Ha! Skullgirls wouldn't be easier in SFV quality 3d. It wouldn't be Skullgirls at all. You see Skullgirls has characters morphing and tearing and squashing and splitting apart super fluidly. To do that in 3d requires making extra models, baking animations, more UV work and a lot more bug testing for glitches because its easy on disjointed models that split and morph between moves to handcuff glitch or get folks stuck and stretching and breaking like UMVC3 Ryu glitch stuff or more accurately Trials HD rubber band glitch stuff.

2d is harder because you have to hand animate every single frame of animation. While this gives you a ton more control to go as loud and fucking nuts as you want you still have to actually draw each frame. Plus every frame is actually about 3 to 4 seperate projects.
1. the rough
2. the linework (very tedious and very specific on line thickness aka line weighting. Can get pretty technical with brush settings for consistency)
3. the color flatting or big solid colors that make up your character palette
4 the shading layer for the shadows usually done with multiply settings on the layer mode
5 the highlights layer for the lit areas of the image usually done with screen settings on layer mode

Now compound all that with a VERY technical drawing. I'd say on a scale of 1 to 10 that Kirin image was like a 3 or 4 and thats without morphing and whatever into other shapes. Imagine someone with a shitload of beads or a complex texture on their clothing to keep consistent between frames. The more of the character that's covered in linework the more lines to keep up with between frames or it'll look really jumpy and offputting when it animates.

My shit...doesn't do well with 2d. Its too detailed on textures in most cases. Some in the amount of shapes. Armor can get tricky to keep track of in 2d animations if there are enough seams and patterns on it. Skullgirls is just amazing. When I saw Eliza's beads I flinched HARD. Those had to be a fucking pain to animate swinging constantly during her 1600+ frames of animations. My stuff is front loaded with a lot of technical cg but I only have to model it once. The tradeoff is that its animations take more work to even get squash and stretch let alone morph shapes.

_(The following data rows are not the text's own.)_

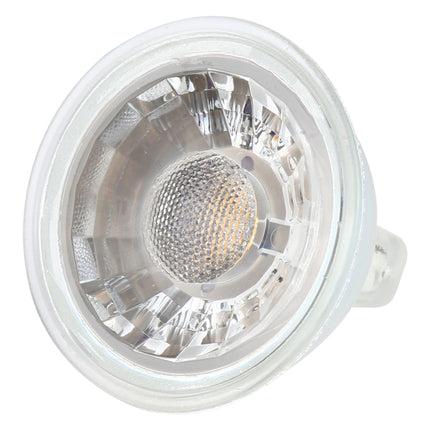 MR16 5W LED Spotlight, AC 220V (Warm White)-garmade.com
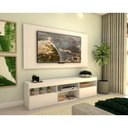 Ver imagem 5 de Rack com Painel Tv até 65" e 2 Portas Toronto Multimóveis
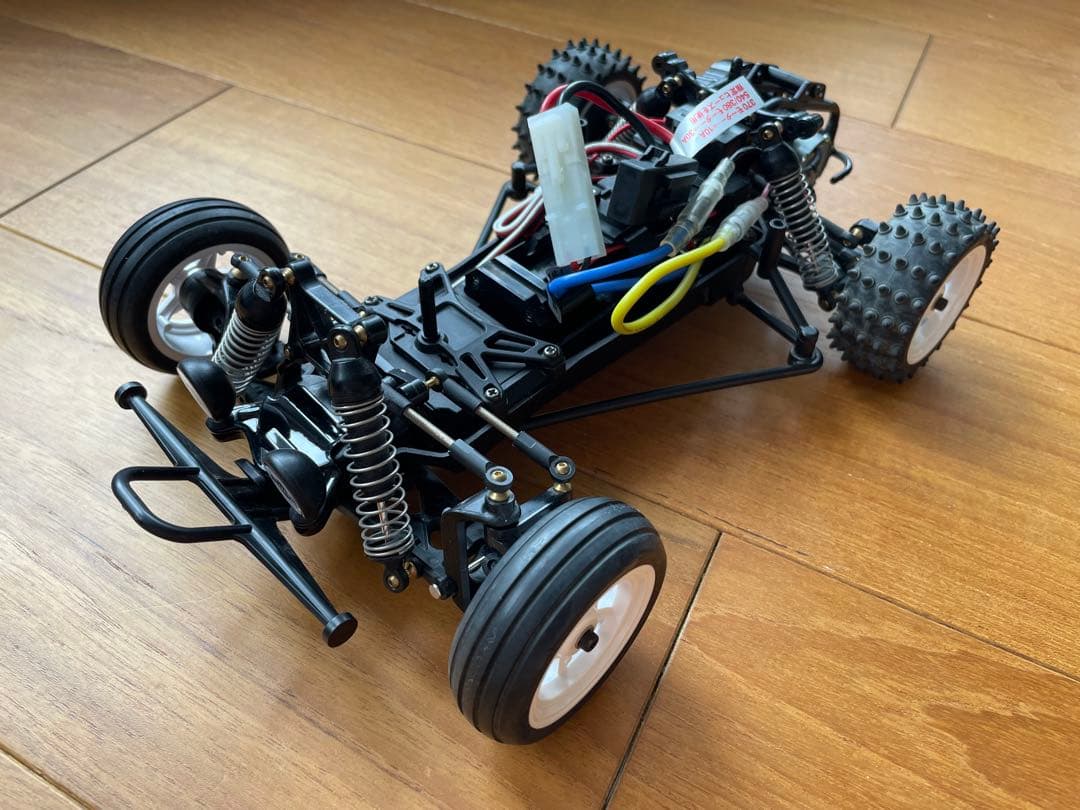 tyoujiya7 様専用】Hornet mini タムテックギア RCカー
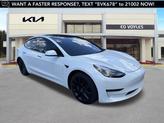Photo of 2022 White Tesla Model 3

This is why folks are still struggling to pull off something like say Darkstalkers in 3d. Its really really time consuming in 3d to make and it increases bugtesting and collision glitches if models do that stuff. Its why I sometimes wonder if I'll be forced to do all this and still have to just prerender the models as frames for my animations and fill in some stuff by hand in 2d after that. I wont know till I'm further in.
Nice post!

It is good to see an informed post about 2D around these parts. Both styles have got their pluses and minuses. Some fighting games can really benefit from 3D while others shine in 2D. Doing in 3D what Skullgirls and Darkstalkers accomplish in 2D would be no small featt.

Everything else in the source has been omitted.